Task data.

====

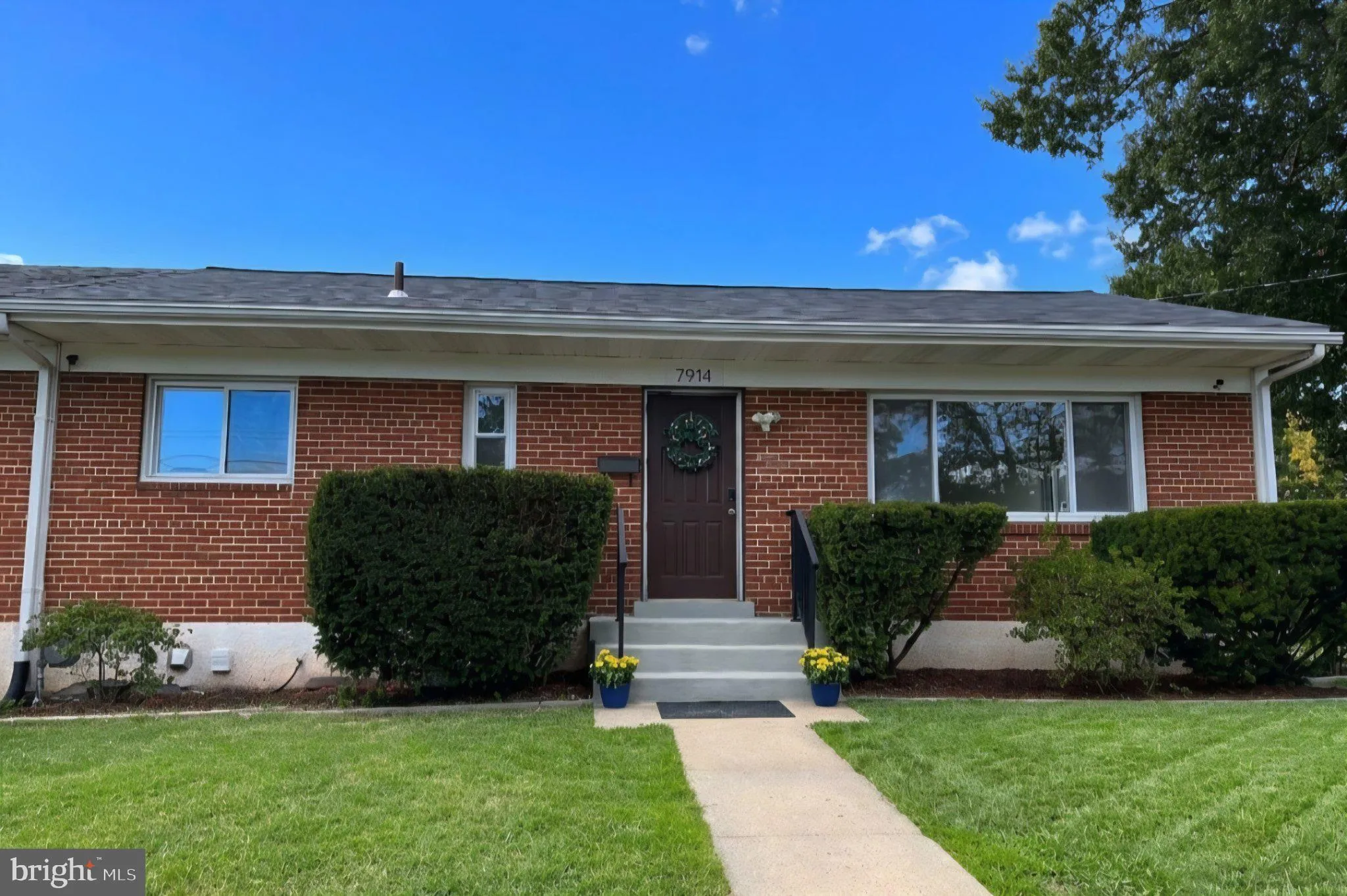 7914 PARK DRIVE, Hyattsville, MD 20783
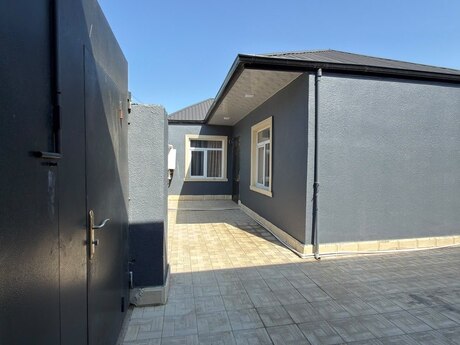 3-room house, 85 m², Mehdiabad: 79 500 ₼ 3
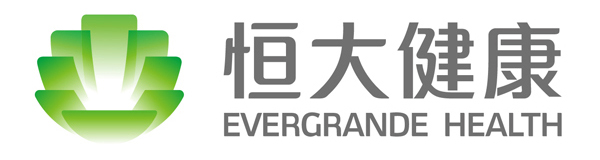 恒大健康产业集团LOGO正式启用/美界设计
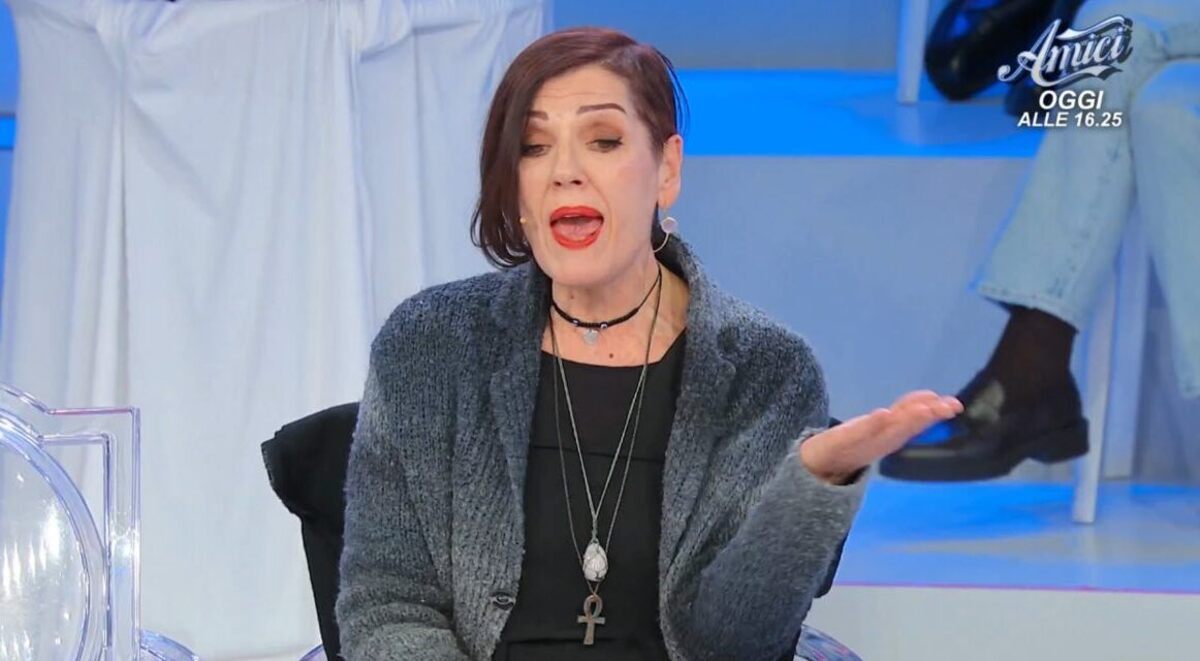 foto tini cansino polemica gemma Galgani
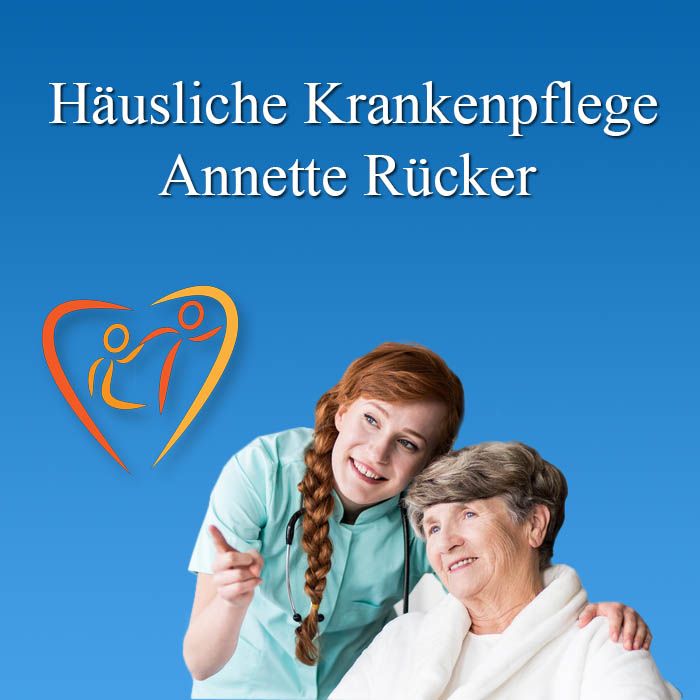 Häusliche Krankenpflege Annette Rücker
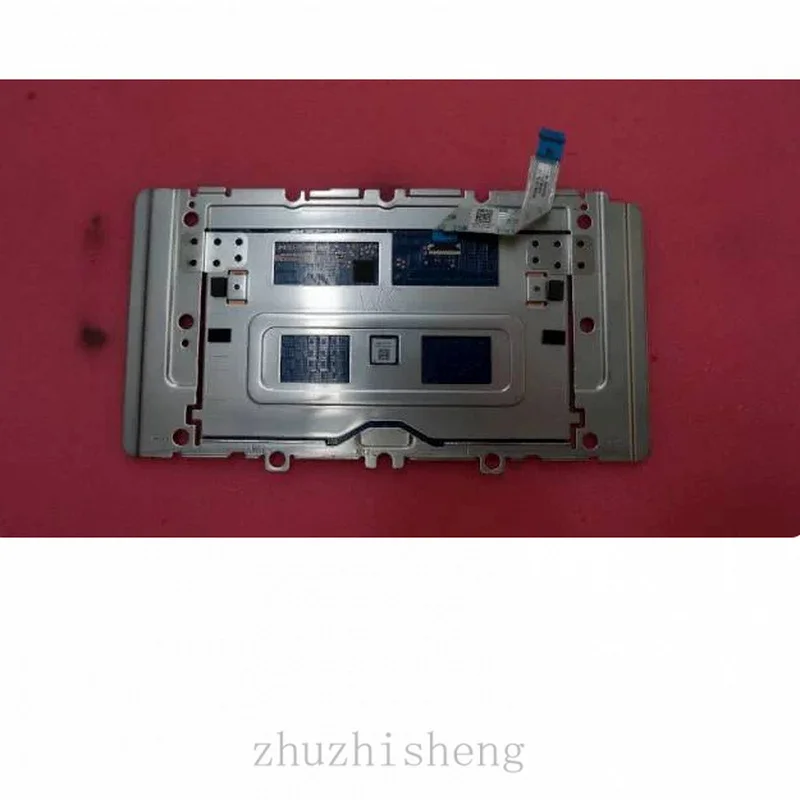 Genuine New Touchpad Trackpad Kit Assembly For Dell Inspiron 16 5630 Laptop P/N M2F78 / 41V0T / 63P7W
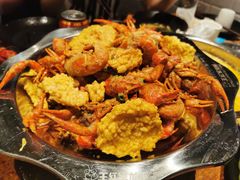 -王红军龙虾(新民路店)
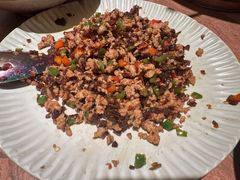 -浩海火燒雲傣家菜(芮欧百货店)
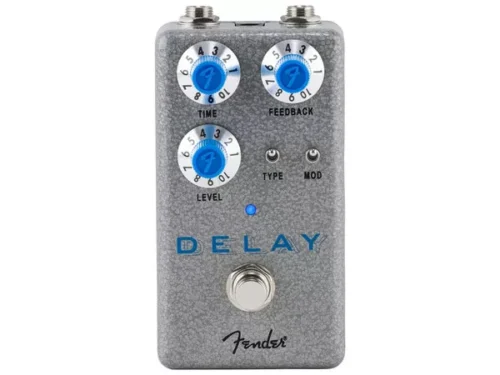 FENDER Hammertone Delay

====

Work required. The entries should be reproduced word for word, pictures omitted.

Final answer.
 7914 PARK DRIVE, Hyattsville, MD 20783
 3-room house, 85 m², Mehdiabad: 79 500 ₼ 3
 恒大健康产业集团LOGO正式启用/美界设计
 foto tini cansino polemica gemma Galgani
 Häusliche Krankenpflege Annette Rücker
 Genuine New Touchpad Trackpad Kit Assembly For Dell Inspiron 16 5630 Laptop P/N M2F78 / 41V0T / 63P7W
 -王红军龙虾(新民路店)
 -浩海火燒雲傣家菜(芮欧百货店)
 FENDER Hammertone Delay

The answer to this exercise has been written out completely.